Brief: Please give back word for word the lines of the material below between the line containing "Crosse de champignons" and the line containing "(c)YOSHIO SHINKAI/SEBUN PHOTO", inclusive.

Task material:
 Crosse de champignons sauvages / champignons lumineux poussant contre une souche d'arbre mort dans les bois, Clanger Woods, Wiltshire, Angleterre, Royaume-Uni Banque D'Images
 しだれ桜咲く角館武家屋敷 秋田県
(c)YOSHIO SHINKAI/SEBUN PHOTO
...
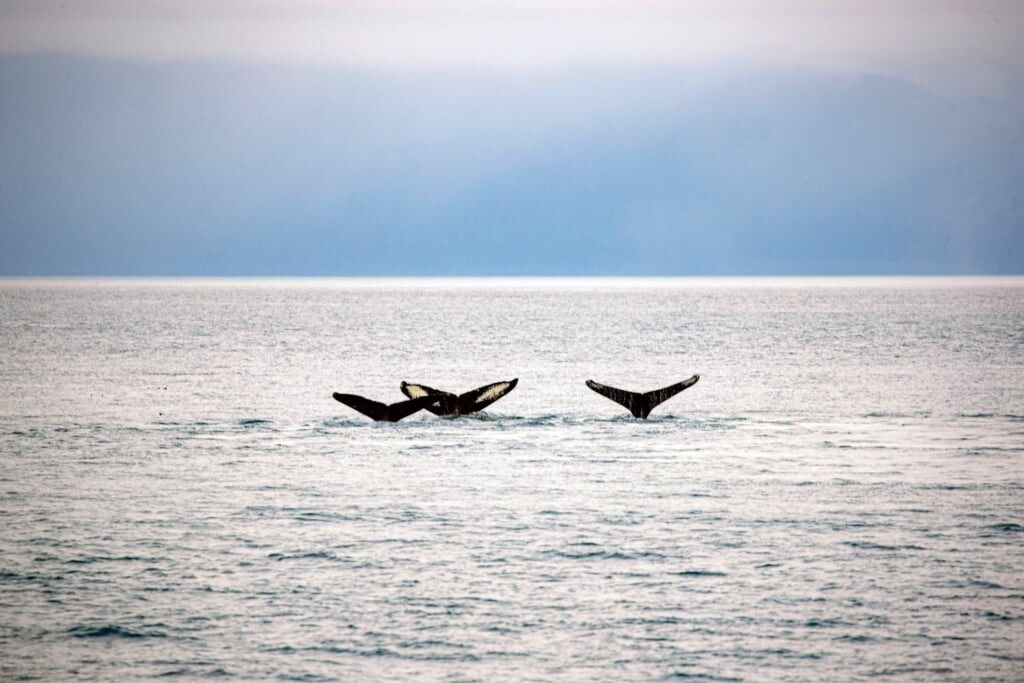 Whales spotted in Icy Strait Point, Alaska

Response area:
 Crosse de champignons sauvages / champignons lumineux poussant contre une souche d'arbre mort dans les bois, Clanger Woods, Wiltshire, Angleterre, Royaume-Uni Banque D'Images
 しだれ桜咲く角館武家屋敷 秋田県
(c)YOSHIO SHINKAI/SEBUN PHOTO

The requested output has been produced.